ASSIGNMENT → Restate word for word only the lines from the one with "Crested Grebe" through the end of the records; no pictures belong in the copy.

Captioned web images
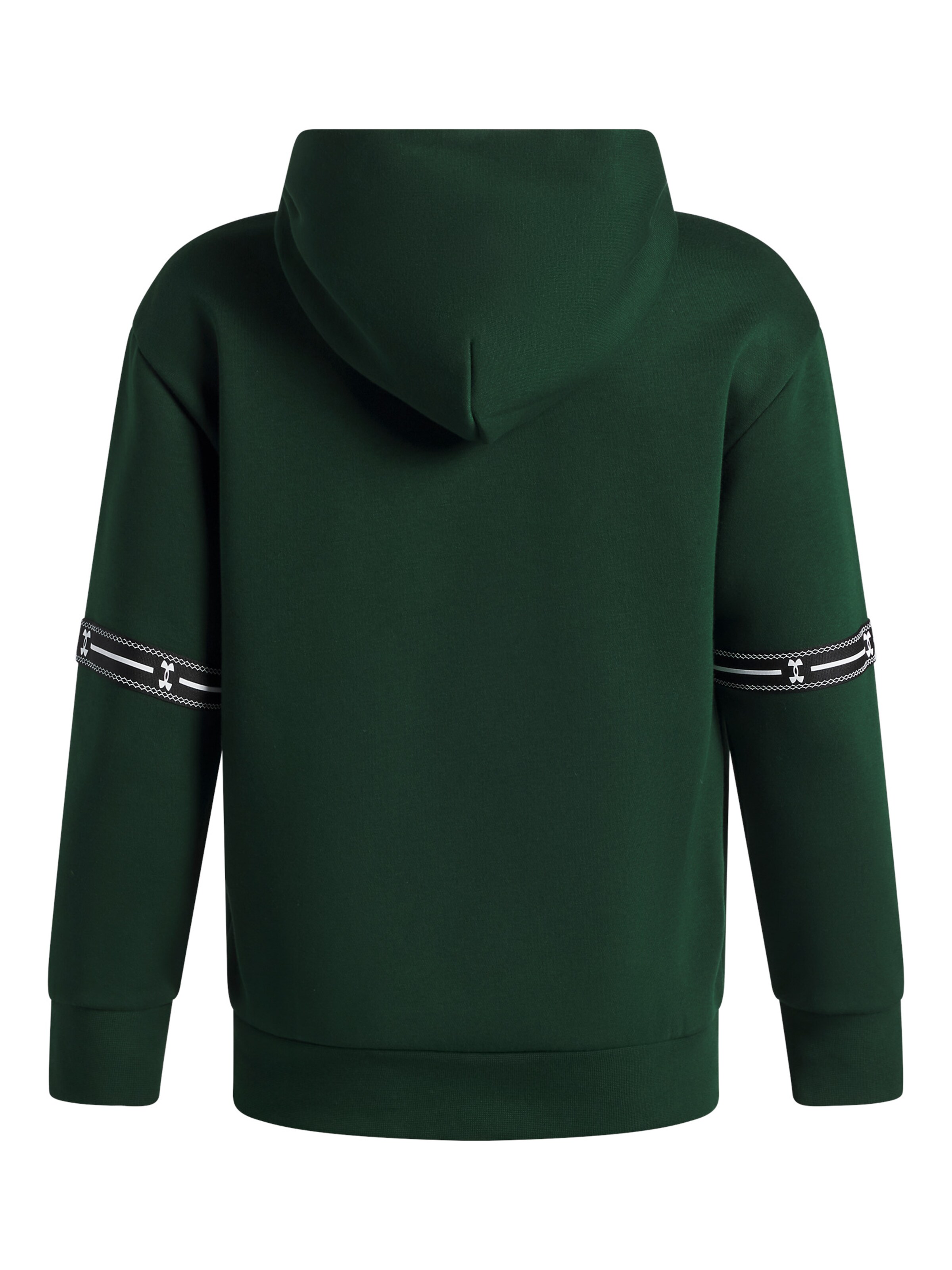 UNDER ARMOUR Sports sweatshirt 'Icon Flc' in Green
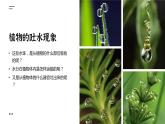 【核心素养目标】3.3《绿色植物与生物圈的水循环》课件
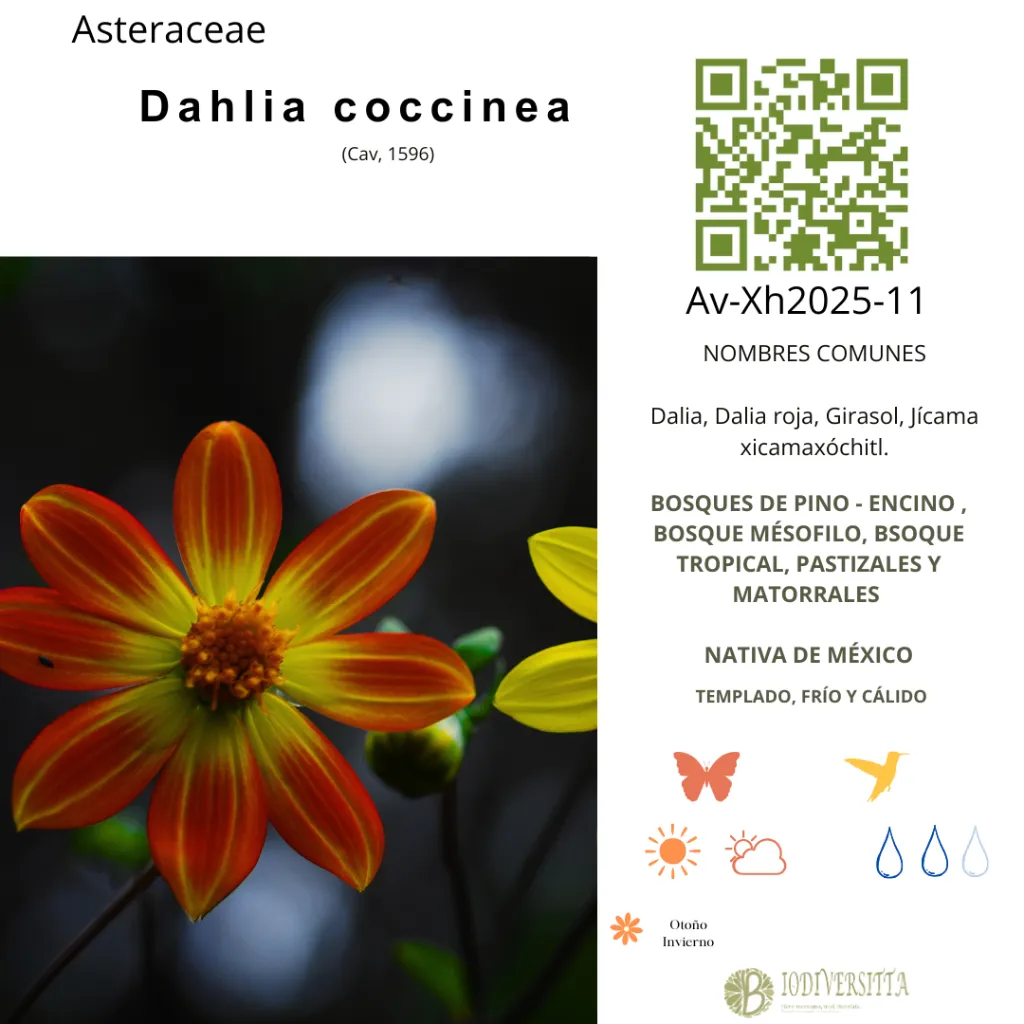 Dahlia coccinea.webp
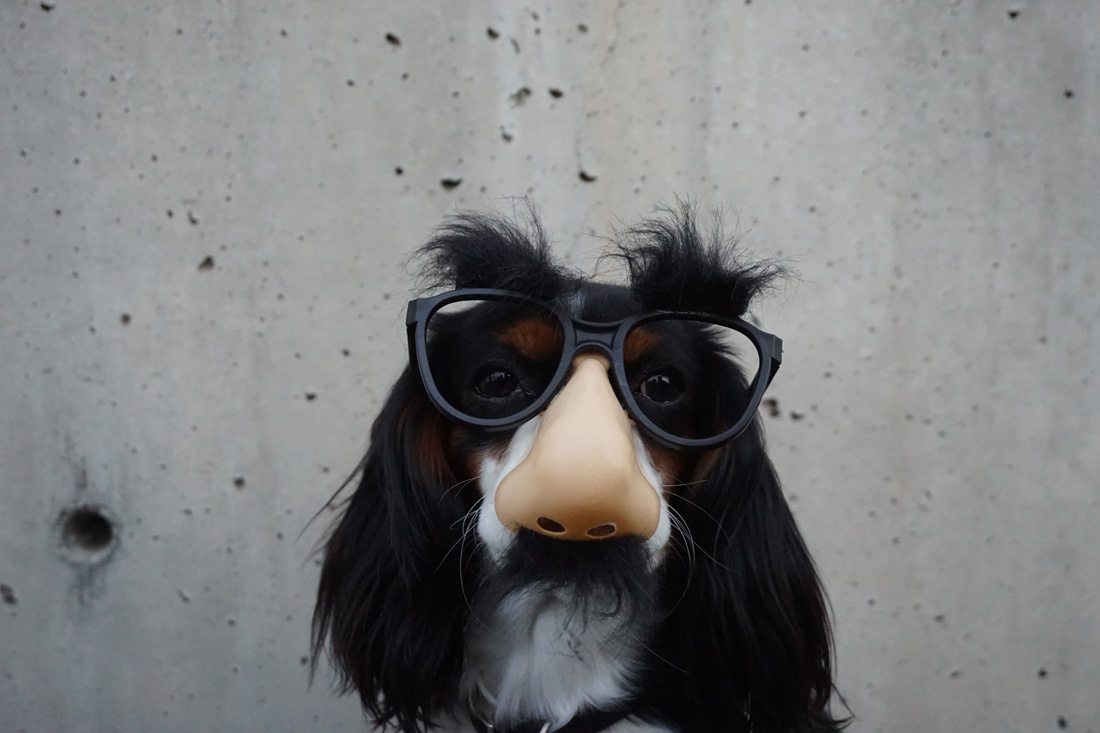 dog.jpg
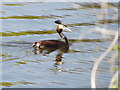 Crested Grebe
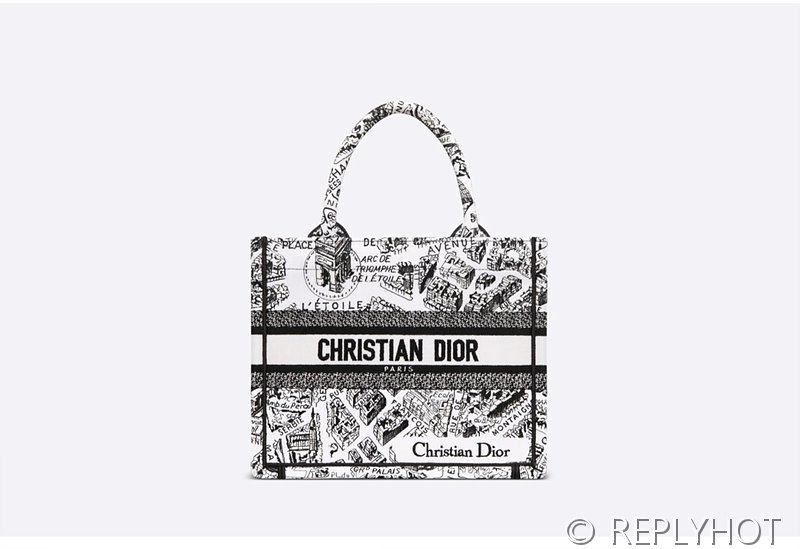 디올 북 토트 백 / 스몰 / 파리 맵 [매장가455만원대]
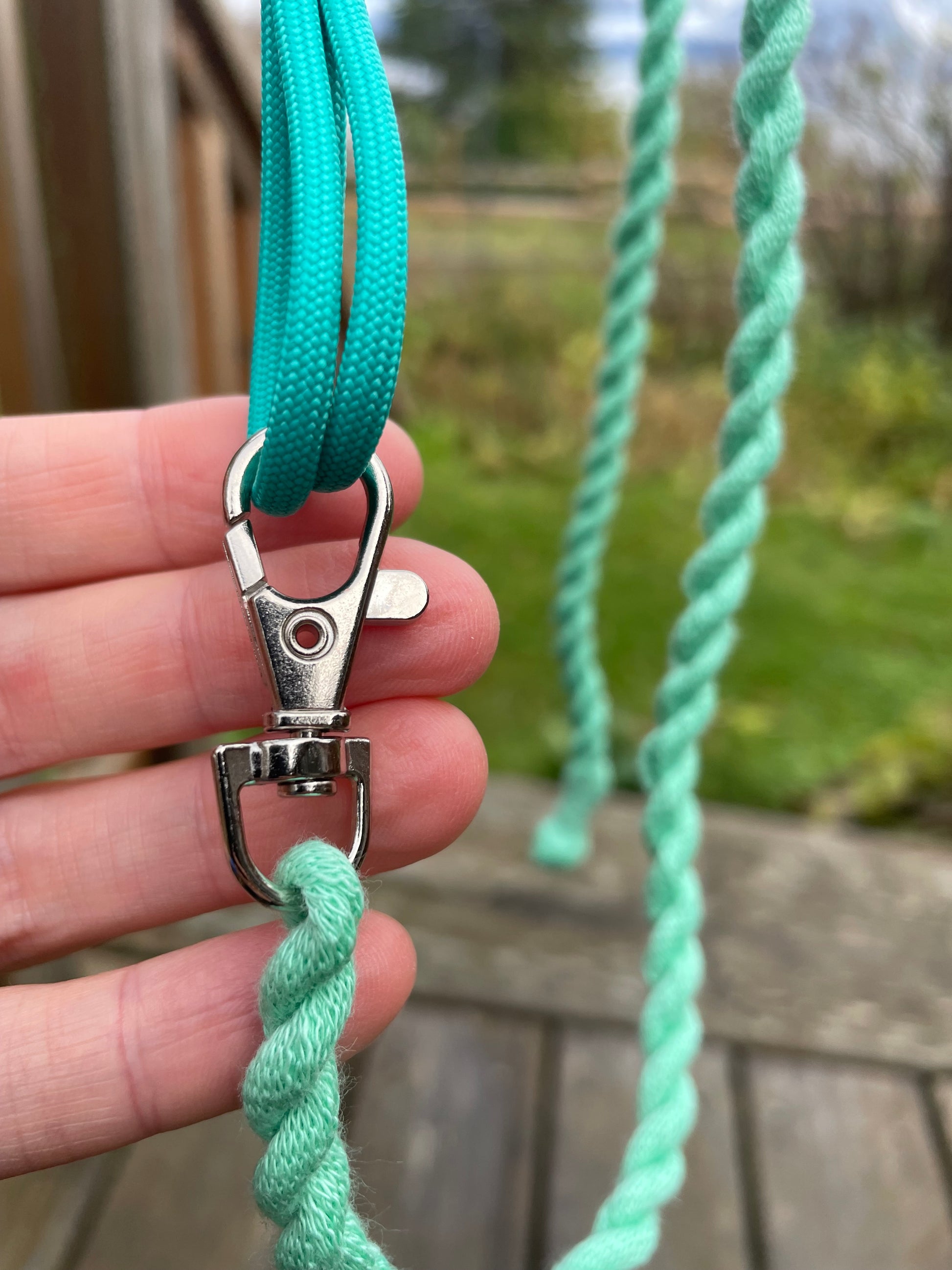 Close-up of a hand holding a teal color lead rope on a nature background. 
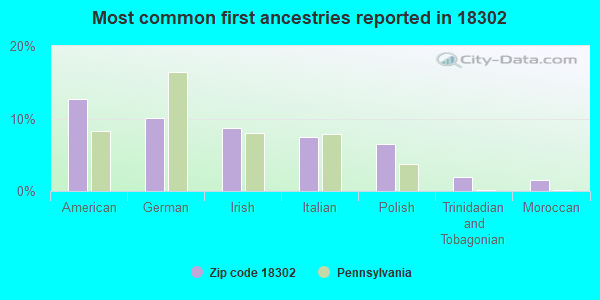 Most common first ancestries reported in 18302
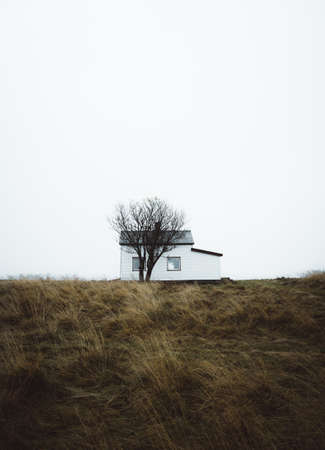 Nature at The Andoya Island in North Norwayの写真素材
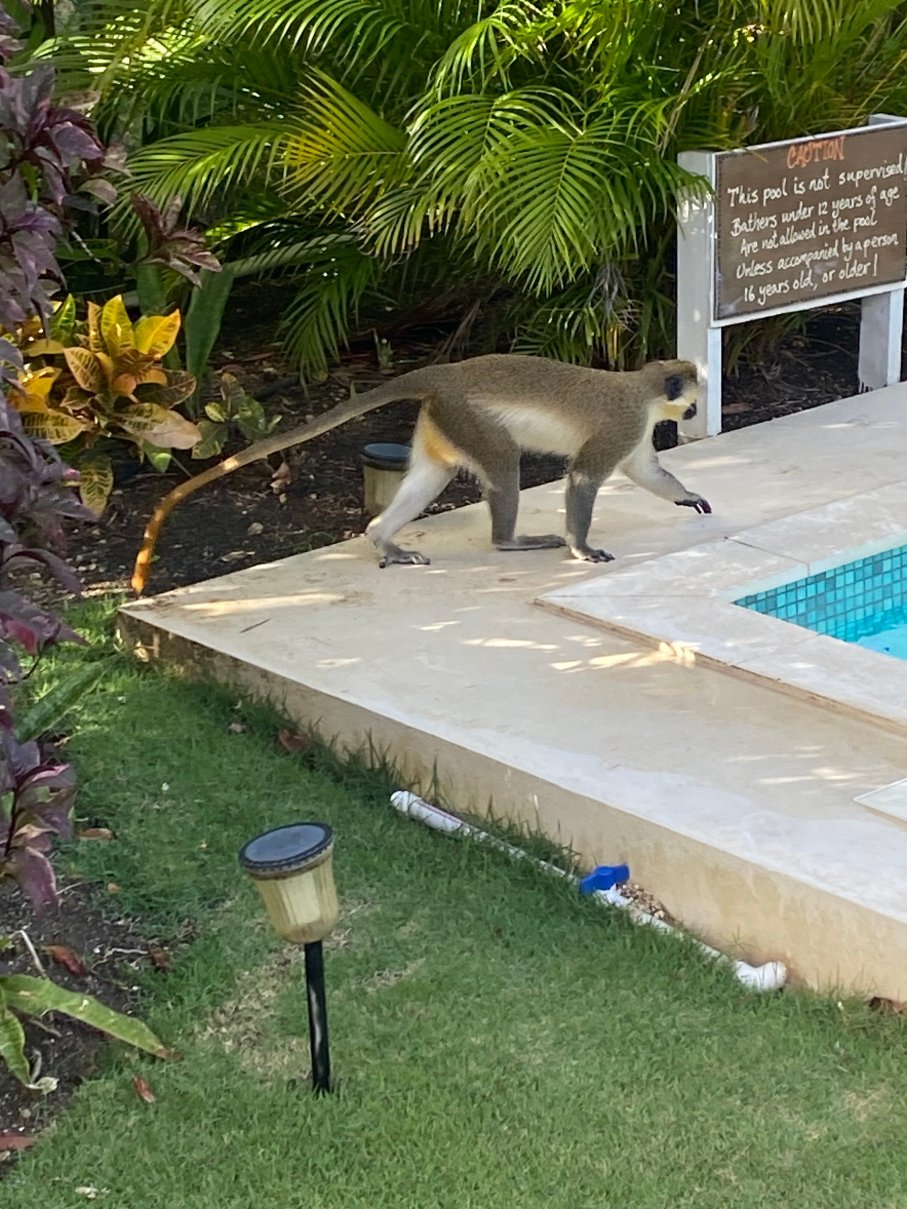 巴巴多斯小拱桥精品酒店 - 限成人入住-官方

RESPONSE AREA →
 Crested Grebe
 디올 북 토트 백 / 스몰 / 파리 맵 [매장가455만원대]
 Close-up of a hand holding a teal color lead rope on a nature background. 
 Most common first ancestries reported in 18302
 Nature at The Andoya Island in North Norwayの写真素材
 巴巴多斯小拱桥精品酒店 - 限成人入住-官方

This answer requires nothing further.